2 Examples to Solve Blending Linear Programming Problem with Excel Solver
In this article, we are going to explain two types of examples for Blending Linear Programming. One example is to show how to solve Blending LP (Linear Programming) for Fixed Recipe and the other one is for Flexible Recipe.
Fixed Recipe refers to the scenario where you know the exact ratio or mixing amount of the materials. On the other hand, if you don’t have to use a defined amount of raw materials in the production of a commodity, then you should apply Blending LP for Flexible Recipe.
The first example is dedicated to show you how to solve the Fixed Recipe problem.

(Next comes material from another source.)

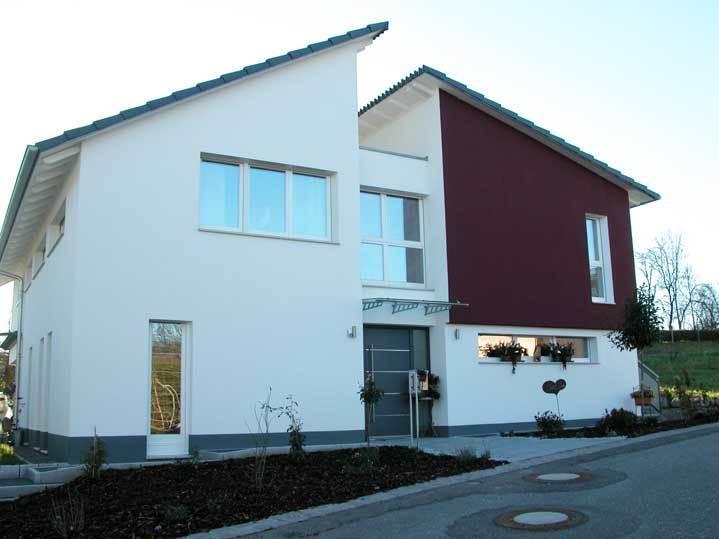 Ferienwohnung Am Bienenfeld エッテンハイム エクステリア 写真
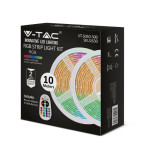 LED TRAKA - SET 300 LED 4,8W/m IP20 (2X5M ) RGB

Here, we have three types of liquid materials A, B, and C. We will make two new products using A-B and A-C with a combination of 60%-40% and 80%-20% respectively. There are other parameters like Revenue/Liter, Cost/Liter, and the number of raw materials available in the factory. We will maximize the profit out of this scenario.
For the Flexible Recipe problem, we will produce different types of steel like regular, exclusive and super quality steel from the mixture of different raw materials. We have the data about how much of these raw materials are available, the cost of these raw materials per ton, and the quality rating of them. We also set the required production amount, price per ton of produced different classes of steels and their minimum rating. There is another parameter which we call the Linearized Rating.
1. Blending Linear Programming for Fixed Recipe Problem
We have discussed this problem in the previous section. Let’s just go through the process below.
Steps:
- First, we will be setting some necessary formulas. We want to know about the Raw Usage of the material and use the following formula in cell C12 to calculate it.
=SUMPRODUCT(C5:C9,$G$5:$G$9)
Here we used the SUMPRODUCT function which will return the Raw Usage of material A.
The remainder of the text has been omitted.